Invited Speakers

Peter W. Sauer, Grainger Chair Professor, Electrical and Computer Engineering, University of Illinois at Urbana-Champaign

Abstract will be posted at a later date.

Pete Sauer is the Grainger Chair Professor of Electrical Engineering at Illinois. He received his MS and Ph.D. degrees in Electrical Engineering from Purdue University in 1974 and 1977 respectively. He has been on the faculty at The University of Illinois at Urbana-Champaign since 1977 where he teaches courses and directs research on power systems and electric machines. His main contributions are in modeling and simulation of power system dynamics with applications to steady-state and transient stability analysis.
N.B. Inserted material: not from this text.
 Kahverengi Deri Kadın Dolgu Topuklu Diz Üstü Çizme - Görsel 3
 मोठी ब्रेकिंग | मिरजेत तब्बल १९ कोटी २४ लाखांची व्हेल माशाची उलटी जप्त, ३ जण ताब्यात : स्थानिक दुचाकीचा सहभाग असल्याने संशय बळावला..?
From August 1991 to August 1992 Pete served as the Program Director for Power Systems in the Electrical and Communication Systems Division of the National Science Foundation in Washington D.C. He retired from the Air Force reserves as a Lt. Col. in 1998. He was a cofounder and chairman of PowerWorld Corporation, and a cofounder of the Power Systems Engineering Research Center (PSERC) where he served as the Illinois site director from 1996 to 2015. From 2011 to 2015 he served as the Vice President for Education in the IEEE Power and Energy Society. He is a Fellow of the IEEE, and a member of the U.S. National Academy of Engineering.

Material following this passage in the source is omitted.